Delivering Genes That Produce Light Sensitive Proteins in the Cell A major aspect of optogenetics is the delivery of genes that produce light-sensitive proteins in the neurons. Different genes can be selectively expressed in defined subsets of neurons in vivo using a variety of expression targeting strategies.

Viral Vectors

Lentivirus and adeno-associated virus (AAV) can be used to transfect genes that will produce light-sensitive protein expression in a wide range of experimental subjects ranging from rodents to primates^[42]. Most of the common AAV and lentivirus vectors carry strong ubiquitous or pan-neuronal promoters, while others have more specific promoter fragments that retain cell type-specificity, allowing selective targeting in animals that are not accessible to transgenic technology.
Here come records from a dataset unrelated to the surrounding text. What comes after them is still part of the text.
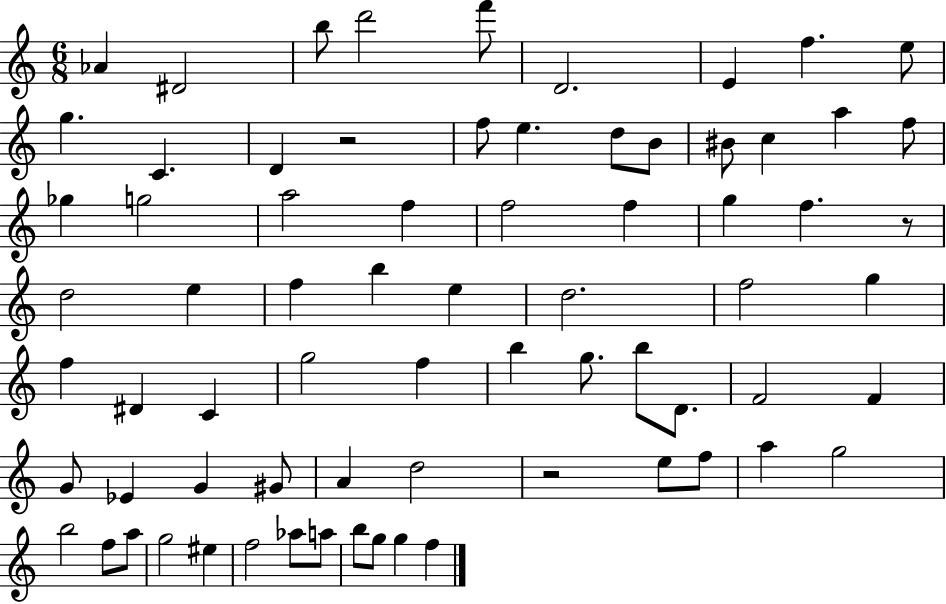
X:1
T:Untitled
M:6/8
L:1/4
K:C
_A ^D2 b/2 d'2 f'/2 D2 E f e/2 g C D z2 f/2 e d/2 B/2 ^B/2 c a f/2 _g g2 a2 f f2 f g f z/2 d2 e f b e d2 f2 g f ^D C g2 f b g/2 b/2 D/2 F2 F G/2 _E G ^G/2 A d2 z2 e/2 f/2 a g2 b2 f/2 a/2 g2 ^e f2 _a/2 a/2 b/2 g/2 g f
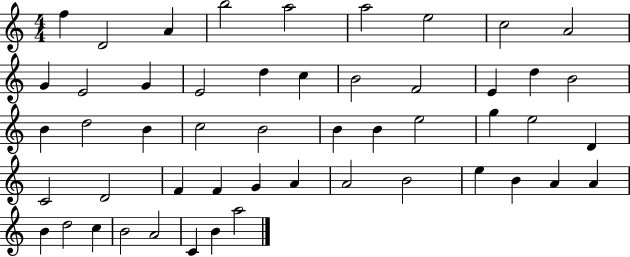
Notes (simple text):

F5/q D4/h A4/q B5/h A5/h A5/h E5/h C5/h A4/h G4/q E4/h G4/q E4/h D5/q C5/q B4/h F4/h E4/q D5/q B4/h B4/q D5/h B4/q C5/h B4/h B4/q B4/q E5/h G5/q E5/h D4/q C4/h D4/h F4/q F4/q G4/q A4/q A4/h B4/h E5/q B4/q A4/q A4/q B4/q D5/h C5/q B4/h A4/h C4/q B4/q A5/h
For example, adding the myosin-Va binding domain (MBD) of melanophilin to the C-terminus of ChR-2-yellow fluorescent protein (YFP) produces somato-dendritic localization but is largely excluded from the axon^[43]. Fusing the II-III loop from Nav1.2 to the extracellular domain of neurofascin^[44], green fluorescent protein (GFP)^[45] or YFP^[46] produces reliable localization in initial segment of the axon in dissociated hippocampal cultures.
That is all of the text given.